Mais il faut raison garder : le grand basculement n’est pas pour demain, même s’il a déjà commencé. Les pays africains qui se sont « libérés » de la présence française, avec l’aide de la Russie, n’ont pas encore réussi à installer de régimes stables, dans ce continent où les coups d’Etat sont si fréquents. Et nous ne devons pas les passer par pertes et profits. Notre coopération doit pouvoir reprendre si les conditions le permettent et il faut se tenir prêts. En Amérique du Sud, Lula a repris le pouvoir mais ses opposants, Bolsonaro en tête, n’ont pas baissé les bras.
L’Europe a certes elle aussi son lot de problèmes qui peuvent hypothéquer l’avenir. La Hongrie se distingue particulièrement par ses réticences à suivre les règles européennes qui ne lui conviennent pas. Il en est de même de la Pologne qui n’a pas voulu se soumettre aux diktats de Bruxelles sur son système judiciaire. Et le nouveau gouvernement slovaque prend ses distances vis-à-vis de la politique européenne à l’égard de l’Ukraine. Mais l’Union Européenne parvient encore à maintenir une certaine cohésion, s’agissant de politique étrangère.

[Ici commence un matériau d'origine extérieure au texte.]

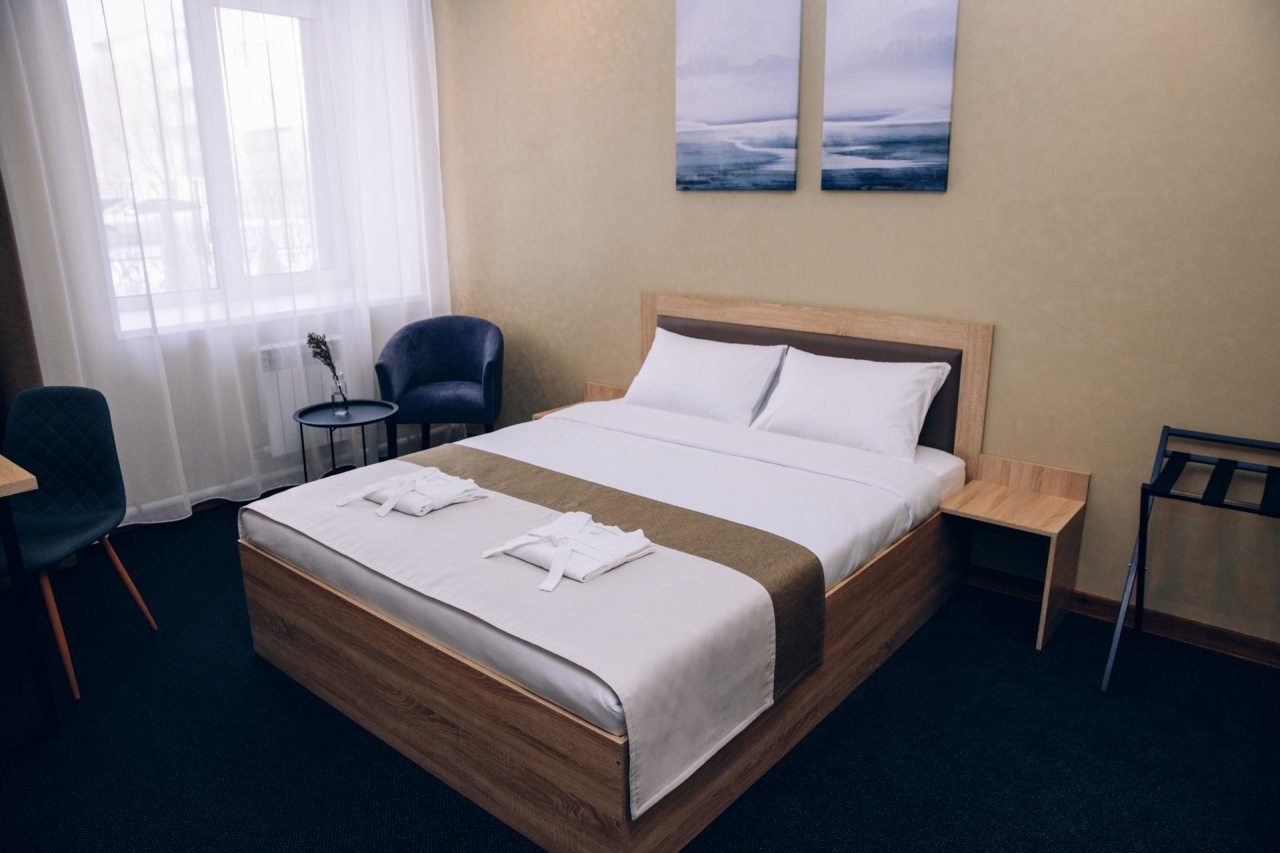Двухместный (Комфорт с 1 двуспальной кроватью) гостиницы SV Rooms Hotel, Комсомольск-на-Амуре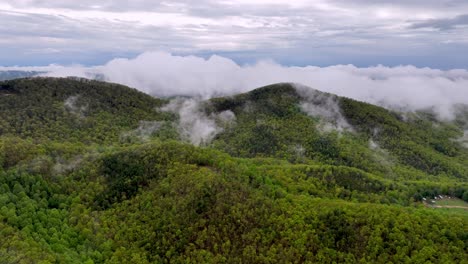 niebla en los apalaches cerca de boone y blowing rock nc, carolina del norte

Quid de l’OTAN ? La Suède n’y est toujours pas admise, face aux objections de la Turquie. Celle-ci joue d’ailleurs un rôle particulièrement ambigu : deuxième puissance militaire de l’Alliance, elle parvient à maintenir un dialogue constructif avec la Russie, notamment sur la question des exportations de blé et du contrôle de la mer Noire. Discrète, comme la Chine, sur la question palestinienne, elle semble attendre son heure pour jouer un rôle accru dans les conflits régionaux (sans oublier les problèmes du Karabagh et du Nakhitchevan).
De tout cela, la Chine n’a que des bénéfices à tirer. Installée depuis toujours dans le temps long, elle pousse tranquillement ses pions sur le grand échiquier mondial, convaincue que l’avenir lui sera favorable.